Le résultat de cette “mise à nu” est un album inégal mais solide qui, encore une fois, laisse entrevoir les merveilles qu’Alicia Keys pourrait nous offrir si elle avait, ou s’accordait, la possibilité de travailler sans retenue. Car, mais on ne va pas le lui dire pour ne pas la blesser, c’est plus entravée que jamais qu’elle nous apparaît dans son nouvel album, presque incapable de nous parler d’autre chose que d’amour absolu et sans limite.
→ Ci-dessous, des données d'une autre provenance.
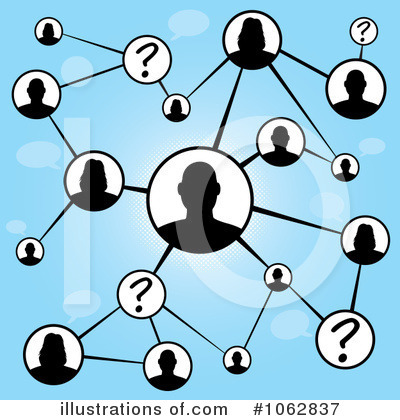 Royalty-Free (RF) Social Network Clipart Illustration by Arena Creative - Stock Sample #1062837
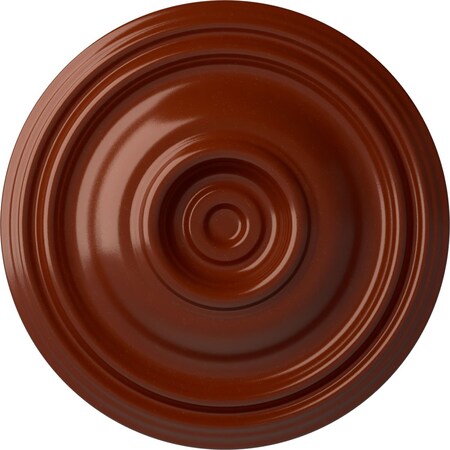 Ekena Millwork Traditional Ceiling Medallion (Fits Canopies up to 4"), Hand-Painted Firebrick, 14 3/4"OD x 1 3/4"P CM14TRFIF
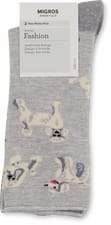 Calze da donna Fashion 2 paia (Colore: girgio chiaro, Taglie: 39-42)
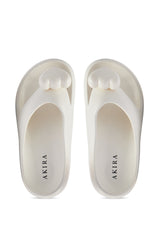 AKIRA COMPASSION WHITE SANDAL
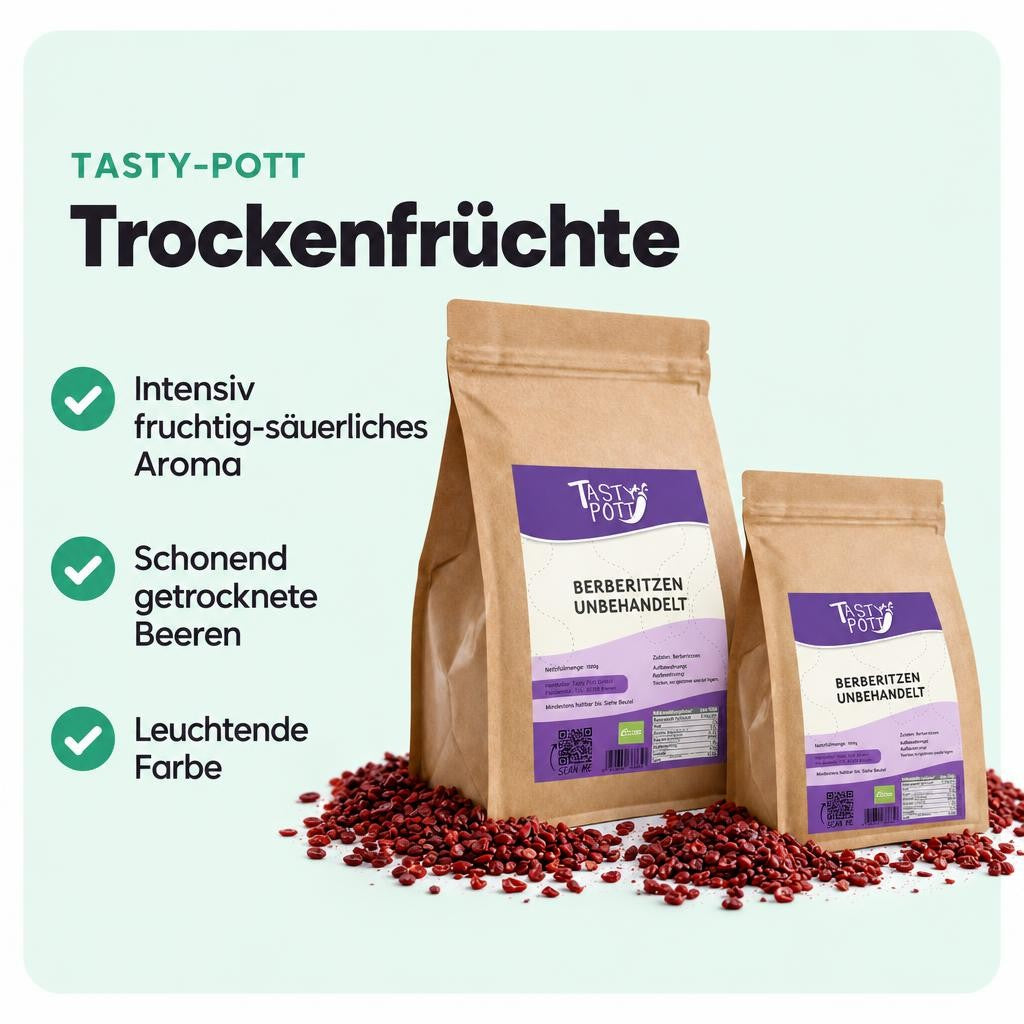Tasty Pott Berberitzen getrocknet - im Beutel – Bild 2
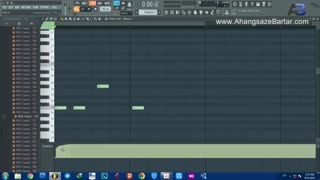 آموزش اف ال استودیو - کنترل صدا در پیانو رول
Mais peu importe finalement. Si cette entrave lui permet de composer des titres comme “Try Sleeping With A Broken Heart“, “Love is Blind“, “Love Is My Disease” ou “How It Feels To Fly”, alors nous sommes rassurés. Son travail sur le son et la mélodie de ces titres témoignent de son ouverture vers d’autres champs musicaux et font rimer richesse et diversité. Quand elle nous présente “Un-Thinkable” ou “Distance And Time“, on se dit qu’Alicia est égale à elle-même, elle ne prend pas de grands risques mais reste dans le travail appliqué et soigné qui porte sa marque. Cependant, quand Alicia cède à une certaine facilité avec “Doesn’t Mean Anything“, on lui en veut presque d’aller perdre son talent dans un titre acceptable certes mais certainement pas digne d’elle.

Dans ce contexte, “Put It In A Love Song“, le duo d’Alicia avec Beyoncé, fait figure de récréation. Mais bien qu’il soit en définitive assez drôle à écouter, il a un inconvénient majeur. Il nous donne l’impression de nous réveiller en sursaut au milieu de l’album et de nous empêcher ensuite de retrouver le rêve agréable qui animait notre sommeil. Le titre est loin d’être la catastrophe que certains redoutaient mais il est particulièrement mal placé dans l’ordre de la tracklist.